All the lines below need retyping exactly, apart from the images.

++++ Recorded data ++++

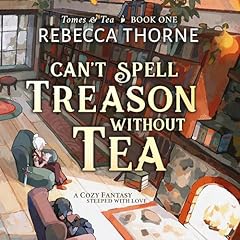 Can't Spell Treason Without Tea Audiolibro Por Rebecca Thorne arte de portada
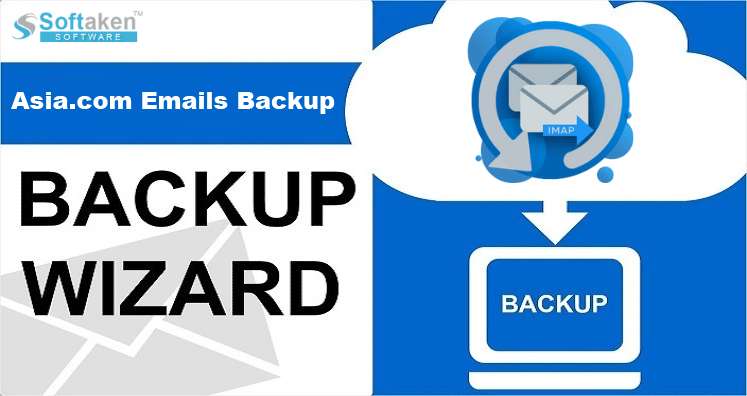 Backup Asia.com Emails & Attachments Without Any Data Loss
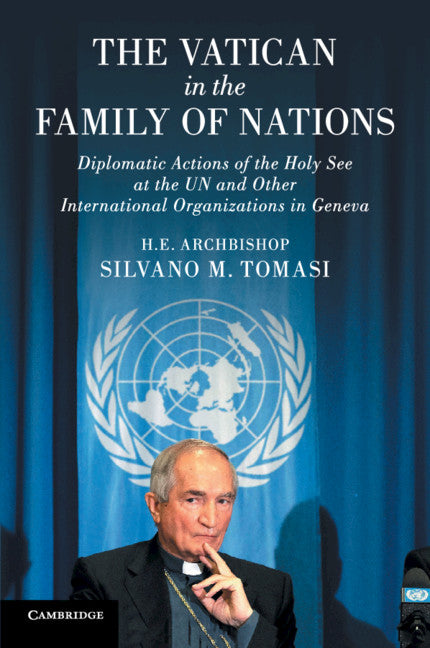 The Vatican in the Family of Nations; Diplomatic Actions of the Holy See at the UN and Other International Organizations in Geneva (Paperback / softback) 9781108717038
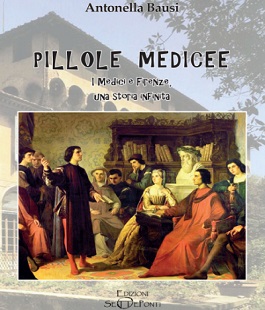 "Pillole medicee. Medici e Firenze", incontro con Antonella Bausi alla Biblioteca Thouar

++++

**Written solution:**
 Can't Spell Treason Without Tea Audiolibro Por Rebecca Thorne arte de portada
 Backup Asia.com Emails & Attachments Without Any Data Loss
 The Vatican in the Family of Nations; Diplomatic Actions of the Holy See at the UN and Other International Organizations in Geneva (Paperback / softback) 9781108717038
 "Pillole medicee. Medici e Firenze", incontro con Antonella Bausi alla Biblioteca Thouar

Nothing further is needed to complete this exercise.